*** Opening of RECORDS SHOWN ***
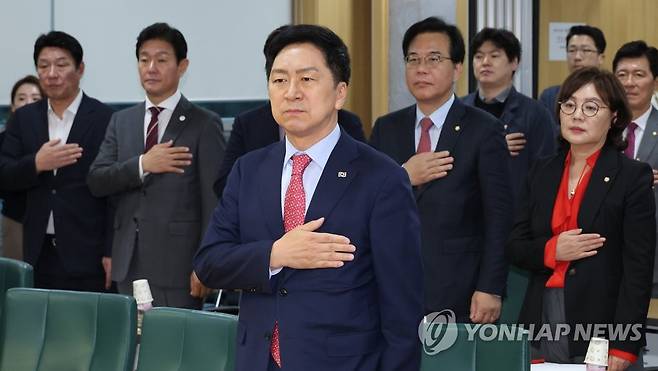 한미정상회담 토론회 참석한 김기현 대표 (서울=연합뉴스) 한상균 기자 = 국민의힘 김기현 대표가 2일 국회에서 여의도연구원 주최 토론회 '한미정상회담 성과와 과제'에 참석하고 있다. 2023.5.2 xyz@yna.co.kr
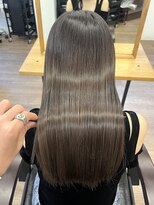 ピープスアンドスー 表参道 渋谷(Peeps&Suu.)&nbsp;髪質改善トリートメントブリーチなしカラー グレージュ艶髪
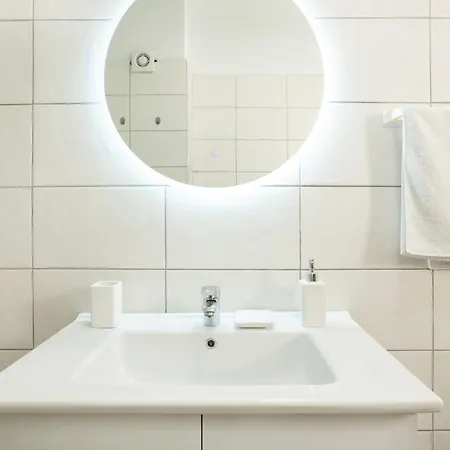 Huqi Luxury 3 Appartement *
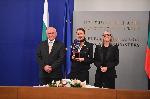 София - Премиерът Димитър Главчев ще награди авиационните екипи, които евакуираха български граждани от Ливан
*** Close of RECORDS SHOWN ***
*** Opening of RECORDS SHOWN ***
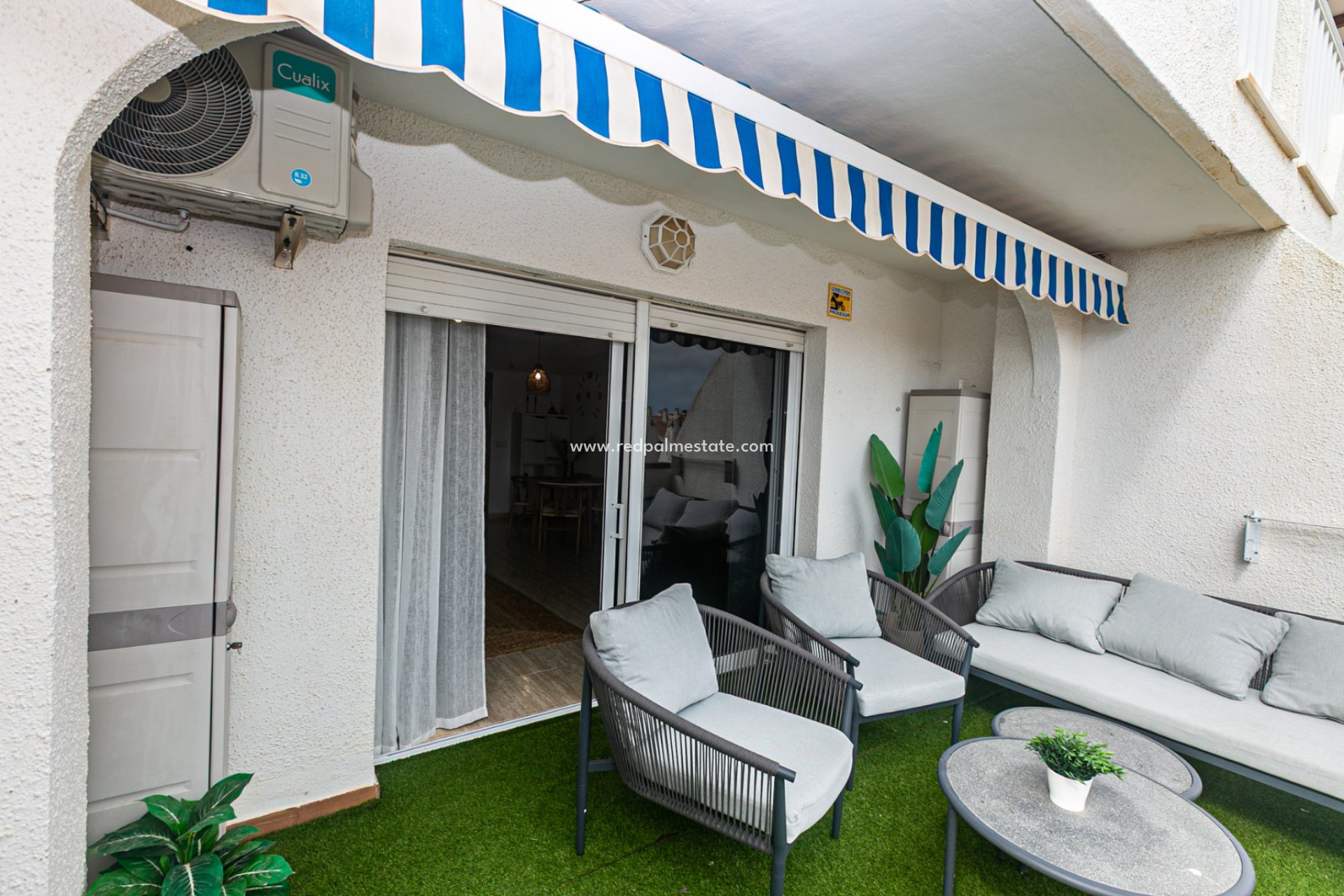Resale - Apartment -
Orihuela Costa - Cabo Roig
*** Close of RECORDS SHOWN ***
**TASK OBJECTIVE:** Output only the stretch above from the line with "Huqi Luxury 3 Appartement *" through the line with "София - Премиерът", reproduced exactly. Exclude pictures.

**SOLUTION TO THIS TASK:**
 Huqi Luxury 3 Appartement *
 София - Премиерът Димитър Главчев ще награди авиационните екипи, които евакуираха български граждани от Ливан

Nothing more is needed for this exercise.